From Ship to Shore: Commercial Privilege and Material Culture in Eighteenth Century Yemen
- Nancy Um
- Friday 6 April 2018
2311 SR Leiden
Material objects played a key role in mediating the social world of overseas merchants in the deeply commercial and maritime societies around the rims of the Red Sea and the western Indian Ocean in the eighteenth century. While foreign goods, such as Chinese porcelain, imported textiles, horses, coffee, and spices, were highly desirable in the marketplaces of the Arabian Peninsula, these objects were not just commodities. In this talk, I will demonstrate how such items were deployed in ceremonial activities in the early modern port of Mocha. Subject to site-specific hierarchies of commercial privilege, these objects thus exceeded their commercial character and their transactional value.
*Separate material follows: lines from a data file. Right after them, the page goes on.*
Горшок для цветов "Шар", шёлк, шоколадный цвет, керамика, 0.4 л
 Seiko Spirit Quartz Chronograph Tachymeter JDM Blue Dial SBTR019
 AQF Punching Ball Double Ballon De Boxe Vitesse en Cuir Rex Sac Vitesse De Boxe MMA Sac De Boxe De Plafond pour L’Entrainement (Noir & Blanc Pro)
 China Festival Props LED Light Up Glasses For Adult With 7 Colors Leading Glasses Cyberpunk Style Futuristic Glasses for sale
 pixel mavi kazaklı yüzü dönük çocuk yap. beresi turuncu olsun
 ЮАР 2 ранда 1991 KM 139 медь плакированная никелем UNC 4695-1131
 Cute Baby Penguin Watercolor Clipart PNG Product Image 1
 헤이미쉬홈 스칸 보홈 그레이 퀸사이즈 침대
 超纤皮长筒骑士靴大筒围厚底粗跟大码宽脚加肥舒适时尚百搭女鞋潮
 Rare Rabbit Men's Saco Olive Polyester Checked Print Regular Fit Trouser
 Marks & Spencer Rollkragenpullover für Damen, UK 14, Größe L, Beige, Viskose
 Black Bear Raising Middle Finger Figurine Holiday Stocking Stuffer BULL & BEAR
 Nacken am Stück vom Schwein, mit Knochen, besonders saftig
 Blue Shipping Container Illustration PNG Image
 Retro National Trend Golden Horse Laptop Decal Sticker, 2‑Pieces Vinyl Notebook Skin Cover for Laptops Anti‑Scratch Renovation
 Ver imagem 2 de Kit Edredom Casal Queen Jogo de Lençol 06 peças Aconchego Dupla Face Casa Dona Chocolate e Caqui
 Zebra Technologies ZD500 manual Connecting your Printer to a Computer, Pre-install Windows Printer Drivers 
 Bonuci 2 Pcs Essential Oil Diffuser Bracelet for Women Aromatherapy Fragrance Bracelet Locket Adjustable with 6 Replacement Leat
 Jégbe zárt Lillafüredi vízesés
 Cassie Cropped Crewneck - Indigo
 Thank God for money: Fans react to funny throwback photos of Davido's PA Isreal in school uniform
Nancy Um is professor in the department of art history and co-director of the Middle East and North Africa Studies Program at Binghamton University. Her research explores the Islamic world from the perspective of the coast, with a focus on material, visual, and built culture on the Arabian Peninsula and around the rims of the Red Sea and the Indian Ocean. She is the author of The Merchant Houses of Mocha: Trade and Architecture in an Indian Ocean Port (Seattle: University of Washington Press, 2009) and Shipped but not Sold: Material Culture and the Social Protocols of Trade during Yemen’s Age of Coffee (Honolulu: University of Hawai’i Press, 2017).